It’s been years since I’ve visited the Mill City Farmers Market.
This market is larger than the Midtown Farmers Market (my recent post here) and much smaller than the Minneapolis and St. Paul downtown markets.
It’s really a perfect size.
Founded by Brenda Langton, the market is located in a space between Spoonriver and The Guthrie near the Stone Arch Bridge in downtown Minneapolis. On a nice morning, the scene is dreamy; Happy people walking their dogs and wandering the market, the morning sunlight glow illuminating the grassy hill and sculptures rising up from Gold Medal Park.
This stretch of 2nd street N. is very busy, but I never have trouble finding a street parking spot earlier in the morning. I like to visit the markets before 9 a.m.
One thing that keeps me from visiting the big Minneapolis farmers market less often is that it felt like a flea market and it allows vendors who re-sell produce from big food distributors. You’ll also find many vendors selling tropical fruits. On one hand, I can see how it helps people have access to produce seen in most grocery stores. On the other, it seems there’s too many of these types of vendors here. When I go to a farmers market I don’t want to guess which vendors are and are not selling local produce.
The Mill City Market’s vendors are vetted through their mission statement. Everything at this market meets their standard for local, sustainable and sometimes organic. I love the large variety of vendors. You’ll find everything including produce, high quality baked goods, bath and body care, and prepared food vendors.

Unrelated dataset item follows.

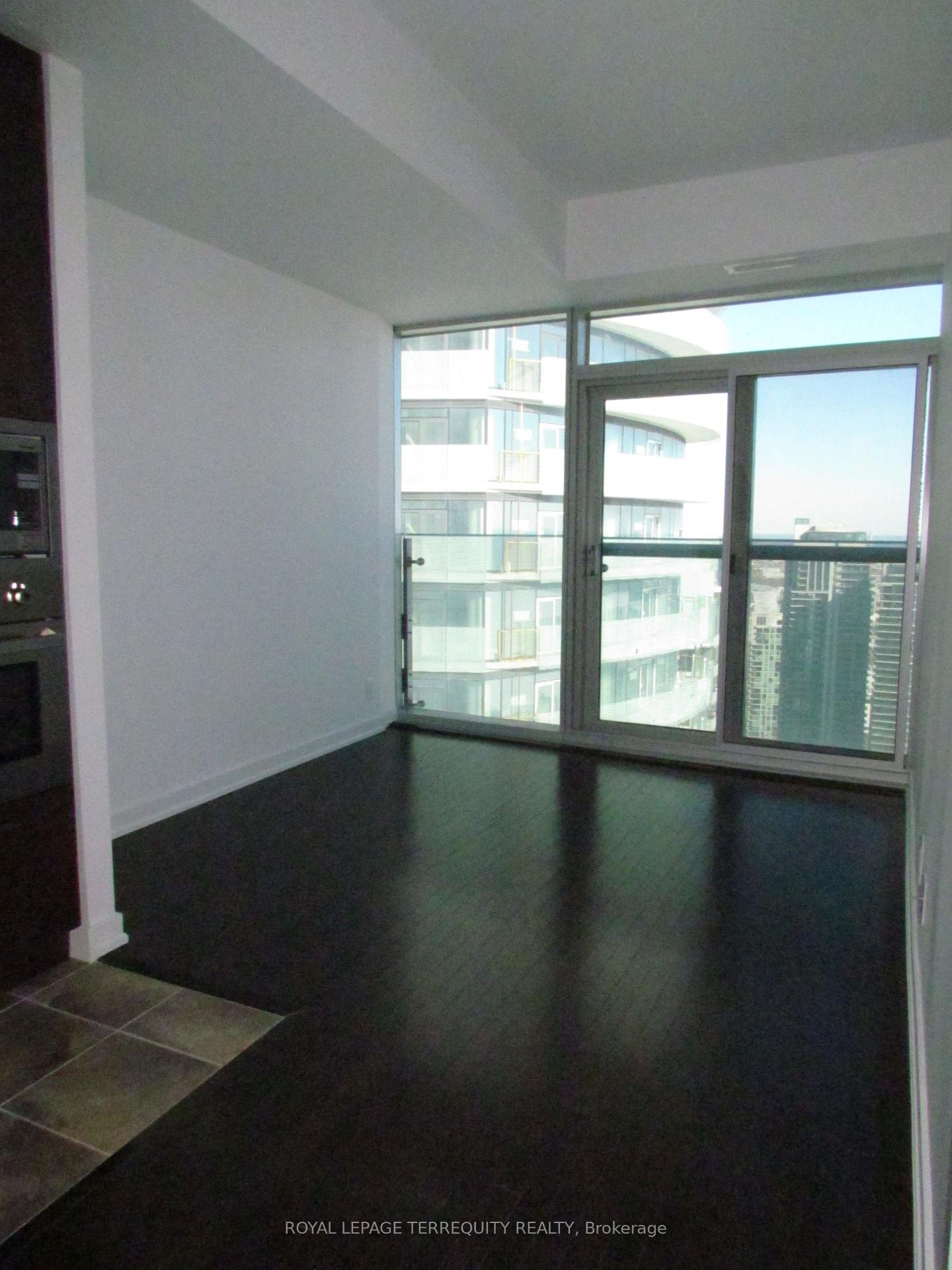 12-york-street-toronto-ontario-c13073100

The market spills inside the Mill City Museum, which, by the way, has great bathrooms.
Here are some of the foods I picked up last weekend:
Gorkha Palace: Momos
Gorkha Palace is one of my favorite restaurants in the Twin Cities. A friend recently took me here for dinner where we shared a variety of curries and naan. This was one of those types of meals where I loved the food so much I wanted to go back immediately. The people who work here are extraordinarily kind.
At the farmers market stand, they serve momos and veggie curry at their stand. I scarfed down veggie momos and Chef Shack’s mini doughnuts for breakfast.
Chef Shack Indian-Spiced Mini Doughnuts
Chef Shack is the first food truck I ever visited. Prior to our Fargo move, I used to stop by from time to time for mini doughnuts and whatever caught my eye; bison burger, tongue tacos, soft-shell crab sandwich, everything is good.
These aren’t just any mini doughnuts. They’re scratch made with organic ingredients and tossed in a cardamon-scented cinnamon sugar mixture.
It’s been too long since I’ve visited Chef Shack; my old favorite treat tastes as good as I remember.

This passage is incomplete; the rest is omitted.